↓↓↓

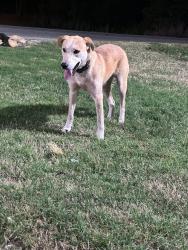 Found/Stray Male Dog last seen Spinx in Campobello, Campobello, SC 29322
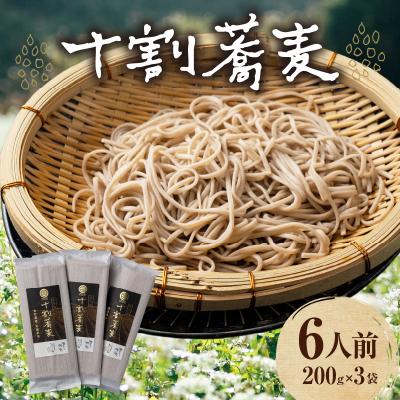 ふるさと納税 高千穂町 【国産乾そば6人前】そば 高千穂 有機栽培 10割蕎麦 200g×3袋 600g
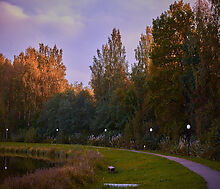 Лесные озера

↑↑↑
↓↓↓

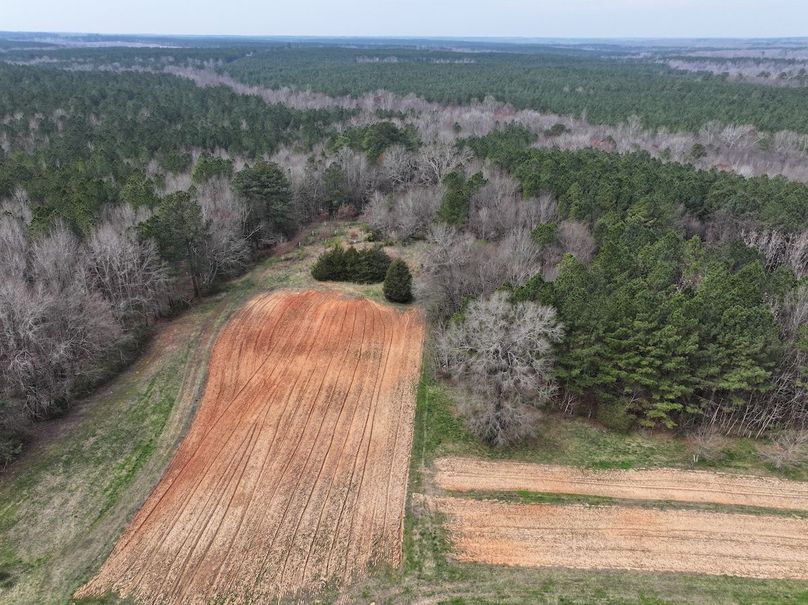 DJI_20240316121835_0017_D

↑↑↑
↓↓↓

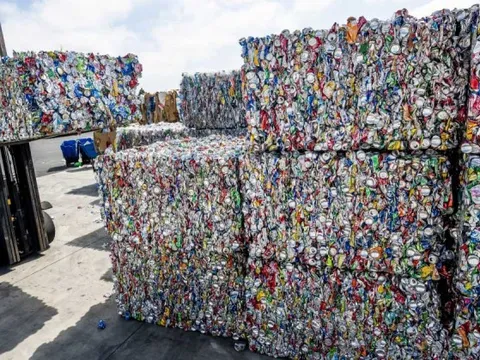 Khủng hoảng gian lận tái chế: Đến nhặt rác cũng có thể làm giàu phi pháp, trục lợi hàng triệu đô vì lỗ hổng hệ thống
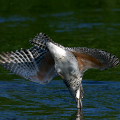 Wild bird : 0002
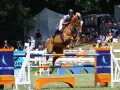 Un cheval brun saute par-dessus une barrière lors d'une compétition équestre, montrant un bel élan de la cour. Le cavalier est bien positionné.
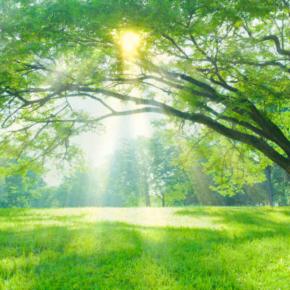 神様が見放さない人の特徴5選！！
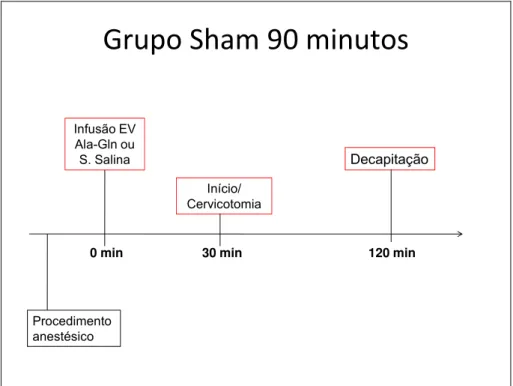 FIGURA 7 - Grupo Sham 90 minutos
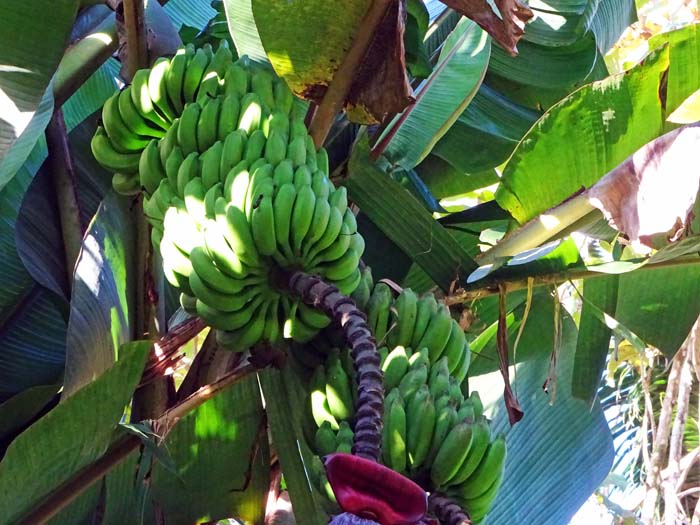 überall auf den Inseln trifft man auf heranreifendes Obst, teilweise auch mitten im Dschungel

↑↑↑

PROBLEM TO SOLVE. In the records above, find the line containing "Khủng hoảng gian" and the line containing "überall auf den", then give both of them again word for word along with every line between. Omit any pictures.

THE COMPLETED TASK.
 Khủng hoảng gian lận tái chế: Đến nhặt rác cũng có thể làm giàu phi pháp, trục lợi hàng triệu đô vì lỗ hổng hệ thống
 Wild bird : 0002
 Un cheval brun saute par-dessus une barrière lors d'une compétition équestre, montrant un bel élan de la cour. Le cavalier est bien positionné.
 神様が見放さない人の特徴5選！！
 FIGURA 7 - Grupo Sham 90 minutos
 überall auf den Inseln trifft man auf heranreifendes Obst, teilweise auch mitten im Dschungel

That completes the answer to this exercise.